The decision to start shuttering the projects, collectively worth hundreds of millions of dollars, could have far-reaching effects on the U.S.-led military campaign against the Taliban, disrupting a central component of the strategy to counter the insurgency at a critical moment in the war. Programs to assist Afghan farmers and improve local government, which are vital to the overall U.S. effort to stabilize the volatile southern and eastern parts of the country, are among those that will be affected, the officials said.
The consequences of the ban on development firms employing private guards "will be catastrophic," said one U.S. official involved in the issue. "If these projects grind to a halt, we might as well go home. They are essential to the counterinsurgency strategy."
Another U.S. official said the ban would affect about $1.5 billion in ongoing reconstruction work.

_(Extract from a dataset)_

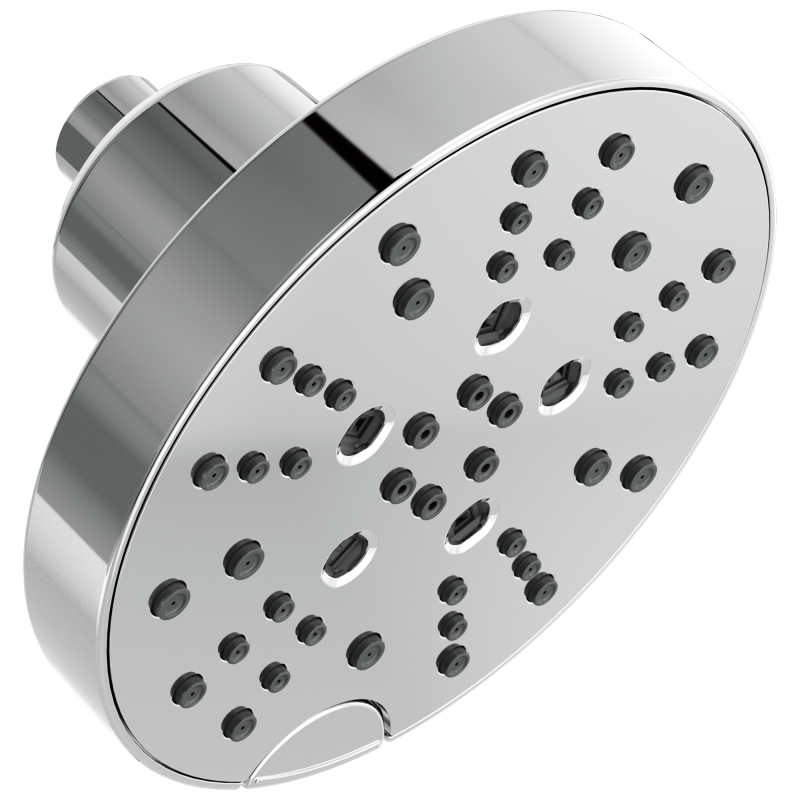 DELTA Universal Showering Components H2OKINETIC 5-Setting Contemporary Raincan Shower Head — Lumicoat® Chrome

More than 20,000 Afghans will lose jobs in road-building and energy projects alone, the official said.
The prohibition, which was enacted by President Hamid Karzai, has emerged as the latest flashpoint in the oft-strained U.S.-Afghan relationship, raising new questions about his willingness to cooperate with the international community and potentially complicating crucial year-end assessments of the war effort by the White House and NATO.
The ban, which goes into effect Dec. 17, affects all development firms and non-governmental organizations, including those funded by other countries and the United Nations. It also applies to private contractors who guard supply convoys for the military bearing food, fuel and other essential supplies, as well as to international banks and other private entities whose services support reconstruction work.

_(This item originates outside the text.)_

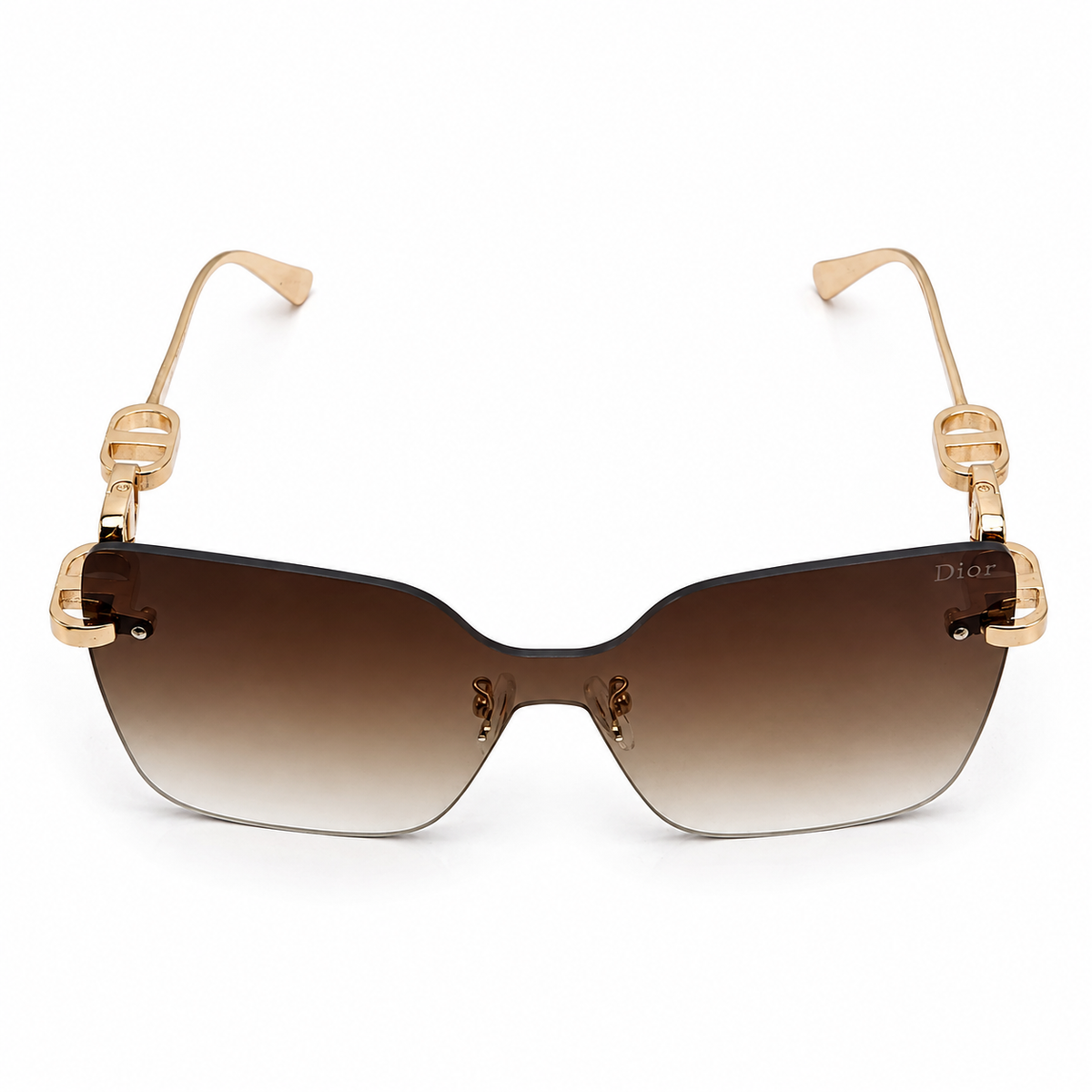 Dior 1011 Luxury Rimless Square Sunglasses - Brown Gradient Lenses with Gold Chain-Link Temple Detail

Diplomats and representatives of the companies contend that private security guards are essential to operations in much of the country because of the threat of insurgent attacks and criminal activity. But Afghan officials argue that private security contractors operate with little oversight or accountability and sometimes function as private militias that are beyond the control of the country's police force and army.

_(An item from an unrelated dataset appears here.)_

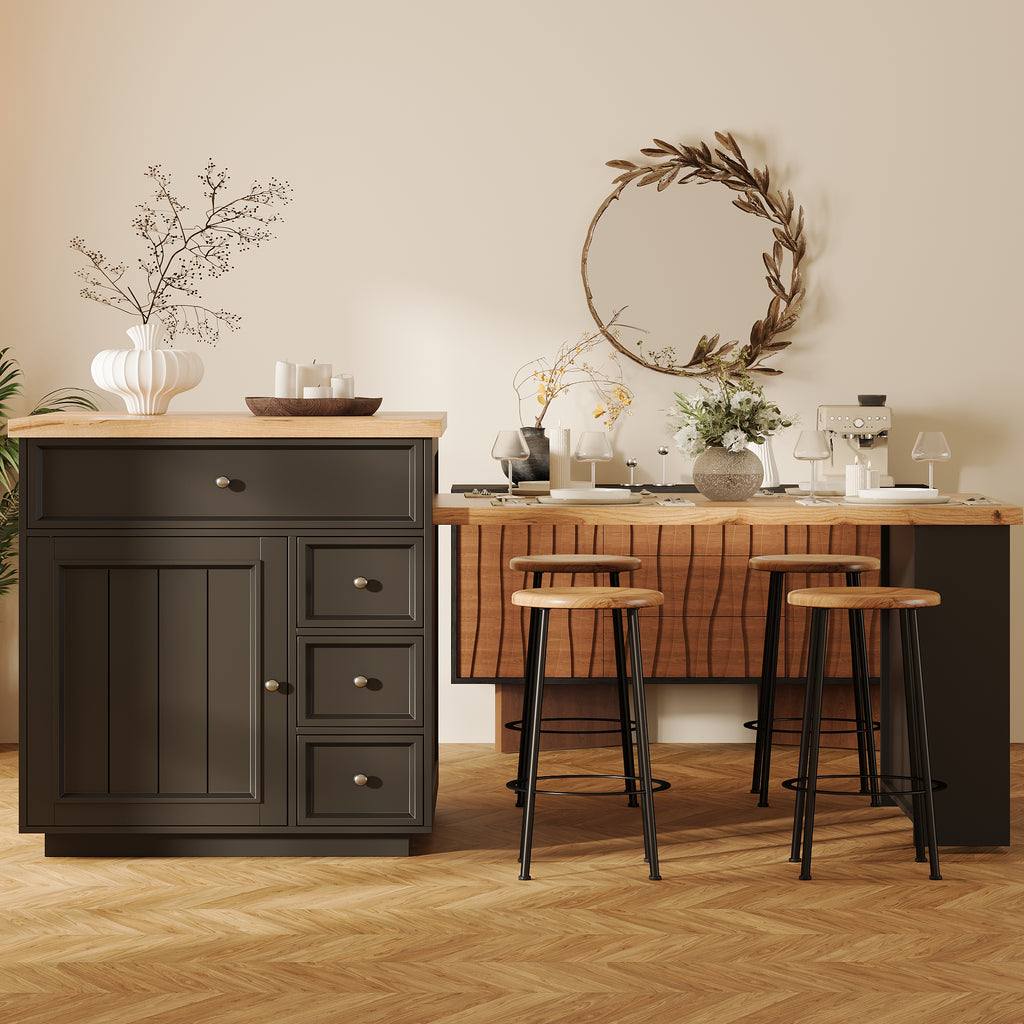 Extendable kitchen island (120-184 cm) with drawers and casters, mobile kitchen island with wood-look tabletop, versatile counter island for kitchen, dining room & bar counter, white/black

Most of the private security companies employed by development firms rely on Afghan guards who are supervised by foreigners. Some of the firms are Afghan-owned, while others are international firms that operate in multiple countries.
The Afghan government wants development workers and their projects to be guarded by police officers and soldiers, a goal that diplomats and aid workers say is unrealistic because the local government security forces are corrupt, ill-trained and not numerous enough to do the job. The development firms have also said they would be unable to insure their employees - a key prerequisite for operations in a war zone - if they are unable to employ private guards.
"If we don't have private security, we cannot operate in Afghanistan," said one development executive, who, like others, spoke on the condition of anonymity because of the sensitivity of the issue. "It's not open to negotiation."
U.S. and NATO diplomats have been working furiously to soften the prohibition since it was authorized over the summer. Under pressure from Gen. David H. Petraeus, the top U.S. and NATO commander here, Karzai's national security council issued an exemption Sunday for military bases, embassies, diplomatic residences and diplomatic convoys.
Diplomats and aid workers initially assumed that the failure to mention development organizations was an oversight that would be corrected. But Karzai on Wednesday said the ban would not be amended. "These companies are closed - that is it," he said, referring to security firms not working for diplomats or the military.